Bulgarian intelligence service found to have wiretapped “all national media”
January 14, 2009 Leave a comment
By JOSEPH FITSANAKIS | intelNews.org |
In 2008, the Bulgarian government announced the establishment of the State Agency for National Security (DANS). The Agency, which began work with the blessings of the US government, was said to be the Bulgarian version of America’s FBI, combining counterespionage and criminal intelligence operations. However, it appears that DANS has been distracted from its initial mission. Early last September, the Agency verified that investigative journalist Ognyan Stefanov was behind Opasnite Novini (Dangerous News) an anonymous blog specializing in investigative reports on Bulgaria’s government establishment. The blog had apparently attracted the attention of DANS after publishing a shocking exposé implicating DANS officials in illicit trafficking activities. On September 22, Stefanov was hospitalized in critical condition after being severely beaten by persons unknown, who used hammers and iron bars to thrash the journalist. He eventually survived.
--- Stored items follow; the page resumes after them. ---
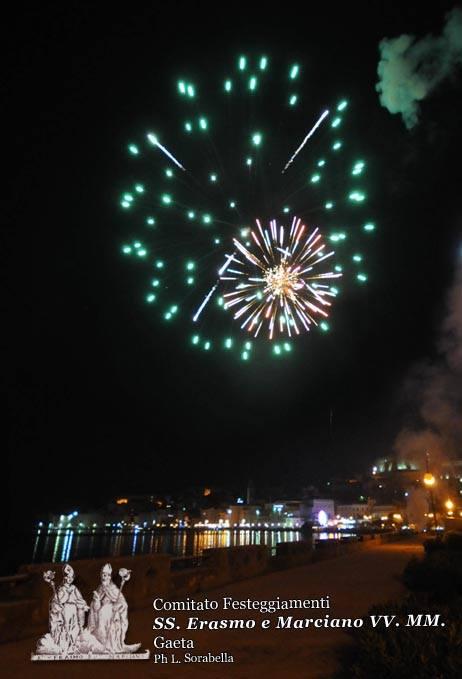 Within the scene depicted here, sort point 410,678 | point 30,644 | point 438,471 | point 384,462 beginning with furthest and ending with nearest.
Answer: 1. point 384,462
2. point 438,471
3. point 30,644
4. point 410,678

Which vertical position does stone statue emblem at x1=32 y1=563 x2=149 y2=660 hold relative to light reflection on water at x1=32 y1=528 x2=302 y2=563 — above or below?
below

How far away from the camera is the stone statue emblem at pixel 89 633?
595 cm

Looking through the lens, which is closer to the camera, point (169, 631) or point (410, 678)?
point (410, 678)

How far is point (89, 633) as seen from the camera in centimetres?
605

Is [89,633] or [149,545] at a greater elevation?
[149,545]

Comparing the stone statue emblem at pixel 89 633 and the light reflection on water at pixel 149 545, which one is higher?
the light reflection on water at pixel 149 545

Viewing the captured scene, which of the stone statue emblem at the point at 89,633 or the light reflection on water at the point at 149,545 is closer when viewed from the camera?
the stone statue emblem at the point at 89,633

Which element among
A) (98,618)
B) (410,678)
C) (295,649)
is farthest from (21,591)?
(410,678)

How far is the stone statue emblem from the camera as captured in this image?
5.95 metres

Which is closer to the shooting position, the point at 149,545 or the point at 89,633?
the point at 89,633

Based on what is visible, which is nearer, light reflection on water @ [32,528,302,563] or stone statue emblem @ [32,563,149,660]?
stone statue emblem @ [32,563,149,660]

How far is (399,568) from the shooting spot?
16.1m

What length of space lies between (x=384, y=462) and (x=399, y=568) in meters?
185

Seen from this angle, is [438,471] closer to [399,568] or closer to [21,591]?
[399,568] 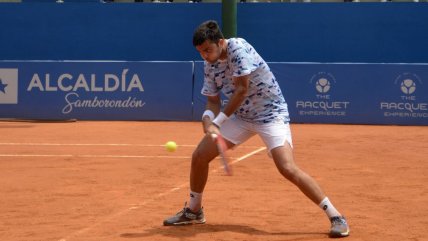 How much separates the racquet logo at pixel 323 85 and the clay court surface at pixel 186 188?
2.81m

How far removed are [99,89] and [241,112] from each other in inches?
525

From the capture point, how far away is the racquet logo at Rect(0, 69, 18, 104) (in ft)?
66.5

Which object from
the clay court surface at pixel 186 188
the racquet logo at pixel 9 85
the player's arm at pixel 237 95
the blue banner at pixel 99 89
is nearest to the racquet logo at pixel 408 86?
the clay court surface at pixel 186 188

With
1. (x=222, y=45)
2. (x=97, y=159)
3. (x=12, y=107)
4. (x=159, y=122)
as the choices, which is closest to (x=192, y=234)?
(x=222, y=45)

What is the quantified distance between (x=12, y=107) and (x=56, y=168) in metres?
9.22

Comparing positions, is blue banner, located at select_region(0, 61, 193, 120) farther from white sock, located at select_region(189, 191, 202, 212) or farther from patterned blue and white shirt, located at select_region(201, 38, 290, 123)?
patterned blue and white shirt, located at select_region(201, 38, 290, 123)

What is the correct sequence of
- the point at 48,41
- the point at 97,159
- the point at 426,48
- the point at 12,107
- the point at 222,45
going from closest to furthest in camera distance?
1. the point at 222,45
2. the point at 97,159
3. the point at 12,107
4. the point at 426,48
5. the point at 48,41

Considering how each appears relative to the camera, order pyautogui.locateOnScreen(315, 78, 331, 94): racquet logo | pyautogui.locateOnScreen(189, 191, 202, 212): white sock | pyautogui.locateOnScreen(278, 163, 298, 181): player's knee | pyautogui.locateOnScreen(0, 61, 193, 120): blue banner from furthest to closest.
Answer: pyautogui.locateOnScreen(0, 61, 193, 120): blue banner → pyautogui.locateOnScreen(315, 78, 331, 94): racquet logo → pyautogui.locateOnScreen(189, 191, 202, 212): white sock → pyautogui.locateOnScreen(278, 163, 298, 181): player's knee

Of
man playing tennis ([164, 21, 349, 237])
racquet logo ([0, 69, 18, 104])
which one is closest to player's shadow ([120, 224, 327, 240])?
man playing tennis ([164, 21, 349, 237])

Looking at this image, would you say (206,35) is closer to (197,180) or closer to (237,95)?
(237,95)

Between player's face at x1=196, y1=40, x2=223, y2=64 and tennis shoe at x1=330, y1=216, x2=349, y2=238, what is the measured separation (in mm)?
1768

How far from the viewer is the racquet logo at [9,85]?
2027 centimetres

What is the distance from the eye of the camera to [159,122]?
19.9m

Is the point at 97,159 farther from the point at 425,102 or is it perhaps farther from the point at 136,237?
the point at 425,102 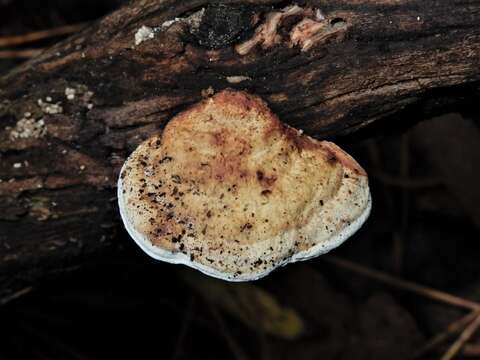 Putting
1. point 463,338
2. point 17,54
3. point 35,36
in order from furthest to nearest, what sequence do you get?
1. point 35,36
2. point 17,54
3. point 463,338

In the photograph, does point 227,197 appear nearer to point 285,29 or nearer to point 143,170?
point 143,170

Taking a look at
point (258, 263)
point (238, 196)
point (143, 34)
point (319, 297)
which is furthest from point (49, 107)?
point (319, 297)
Since then, however, a Bulgarian parliamentary committee set up to investigate the attempted assassination of Stefanov, has uncovered that, in addition to targeting Opasnite Novini, DANS routinely wiretapped phones belonging to “journalists of almost all national media”. Moreover, the Agency later admitted tapping the personal communications of several members of the Bulgarian Parliament. DANS eventually admitted that the wiretaps were installed under Operation GALLERY (a.k.a. Operation GALERIA), a project aimed to discover the sources of government leaks. Further revelations show that, since its establishment, DANS has been granted “dozens of requests […] for telephone surveillance” per day “on the basis of verbal and not written requests, as the law requires”. Now DANS Director Petko Sertov has announced that internal Agency records pertaining to Operation GALLERY are to be declassified, after being filtered by “a working group [that will] decide what information would be made available”. Nevertheless, Sertov’s announcement has failed to pacify uneasy Bulgarian journalists, who claim
DANS is increasingly acting “as a political secret police”.